From the line with "Many hallways at" onward, reproduce each line of the entries exactly, ending at the last one, and add nothing.

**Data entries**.
━━━━━━━━━━━━━━━━━━━━
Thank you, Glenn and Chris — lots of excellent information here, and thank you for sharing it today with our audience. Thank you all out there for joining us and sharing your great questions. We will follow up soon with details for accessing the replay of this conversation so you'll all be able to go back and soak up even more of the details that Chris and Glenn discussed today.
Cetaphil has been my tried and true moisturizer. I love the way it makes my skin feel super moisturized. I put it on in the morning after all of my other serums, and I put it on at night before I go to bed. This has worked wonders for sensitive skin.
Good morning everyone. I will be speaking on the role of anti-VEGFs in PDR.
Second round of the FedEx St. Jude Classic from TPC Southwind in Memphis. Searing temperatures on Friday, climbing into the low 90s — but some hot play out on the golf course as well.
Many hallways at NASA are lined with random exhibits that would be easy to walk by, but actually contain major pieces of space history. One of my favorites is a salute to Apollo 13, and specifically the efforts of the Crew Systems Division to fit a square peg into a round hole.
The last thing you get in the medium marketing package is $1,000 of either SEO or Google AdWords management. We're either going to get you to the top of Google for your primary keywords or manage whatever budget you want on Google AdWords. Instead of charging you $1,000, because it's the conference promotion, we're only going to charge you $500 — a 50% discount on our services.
━━━━━━━━━━━━━━━━━━━━
**Response to this exercise**.
Many hallways at NASA are lined with random exhibits that would be easy to walk by, but actually contain major pieces of space history. One of my favorites is a salute to Apollo 13, and specifically the efforts of the Crew Systems Division to fit a square peg into a round hole.
The last thing you get in the medium marketing package is $1,000 of either SEO or Google AdWords management. We're either going to get you to the top of Google for your primary keywords or manage whatever budget you want on Google AdWords. Instead of charging you $1,000, because it's the conference promotion, we're only going to charge you $500 — a 50% discount on our services.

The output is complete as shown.